The Glasgow band’s softly spoken guitarist Stevie Jackson summed up the 1996 album’s gently immersive appeal and Murdoch’s narrative brilliance, when he told the Pitchfork Classics documentary, “As usual Stuart’s miles ahead of all us. It’s about creating a sound and telling a story, and Sinister, that’s why it’s so successful and people love it. The song is king.” Self-confessed as “one of nature’s sidemen”, Jackson is a subtly illuminating presence throughout Sinister’s 10 songs. A guitarist since his early teens, who cut his teeth on pop classics by The Beatles, OMD, The Police and ABBA, his melodic hooks are the perfect foil for Murdoch’s ageless romanticism on an album Rolling Stone described as reaching “peaks of effortless pastoral grandeur”.

Not since The Smiths had a British band inspired such fervent devotional fandom, and those fans were further enraptured by the fact that Belle and Sebastian did it all their own way. A cerebral antidote to the bombast of Britpop, they refused to submit to the demands of the music industry. In fact, in 1996 they were nigh-on invisible.

When Belle and Sebastian signed to indie label Jeepster, it was on the condition that they wouldn’t be expected to release singles, promote their records or speak to the press. Live appearances were rare, too, the band playing eight shows in 1996 and 12 the following year. The buzz around Murdoch’s “band of misfits”, described by NME as “awkward, pretentious bastards”, grew by word of mouth, as they took on cult status with their fans, who the unimpressed music weekly dismissed as “a legion of bedroom saddo devotees”.

A sort of dark beauty

If You’re Feeling Sinister was released only five months after the band’s much-mythologised limited-edition debut Tigermilk. Having met bassist Stuart David on an unemployment scheme for musicians and recruited former Moondials guitarist Jackson, Murdoch completed the seven-strong line-up when he met singer and cellist Isobel Campbell at a party on New Year’s Day 1996. He had just written a short story about characters named Sebastian and Isabelle and it seemed like fate.

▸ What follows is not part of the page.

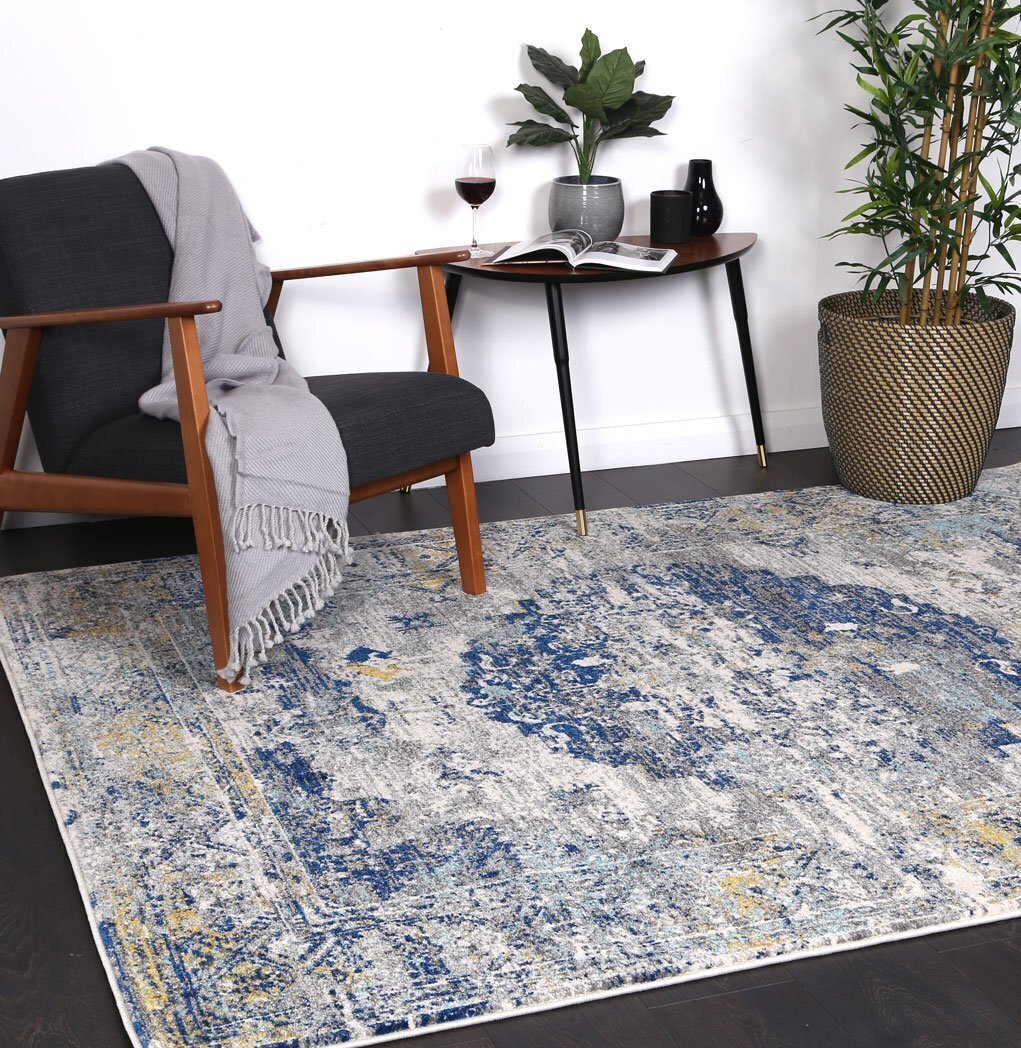 Large View Donna Traditional Rug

Emerging from years of inactivity, Murdoch conceived Sinister in six months, scribbling in exercise books while the band practised at Hyndland Parish Church, where the Christian songwriter was living. “I had so much stored up in me emotionally from the years and years of nothing,” he said.

The influences of Simon & Garfunkel, Scotland’s C86 scene, New York baroque pop band The Lefte Bank, The Smiths and Orange Juice are all over If You’re Feeling Sinister, Murdoch switching between piano and acoustic guitar while Jackson decorates the mix with his black humbucker-equipped Telecaster Custom. The album took five days to make at Glasgow’s CaVa Studios and three to mix. Engineer Tony Doogan described the unfussy recording as “a stroke of genius”, while for multi-instrumentalist Sarah Martin, Murdoch’s rich vein of form was “almost like Rubber Soul and Revolver… bang bang two albums, straight out.”

In a rare interview, Murdoch admitted “There’s nothing very sophisticated about our music, our songs are based on three chords, the classic ones.” Yet the intoxicating wonder of this absorbing album lies in his visionary ability to surround those delicate little compositions with sumptuous orchestral arrangements, never obscuring their inherent beauty.

Belle and Sebastian - If You're Feeling Sinister

A new cult

In the opening seconds of If You’re Feeling Sinister, an album about romance, desire and the bittersweet travails of adolescence, Murdoch croons softly “Make a new cult every day to suit your affairs”. As that first song, The Stars Of Track And Field, unfolds it swells to a regal grandeur, crowned by Mick Cooke’s trumpet playing, introducing the sad splendour that follows like the rain-sodden opening scene of a timeless black and white movie.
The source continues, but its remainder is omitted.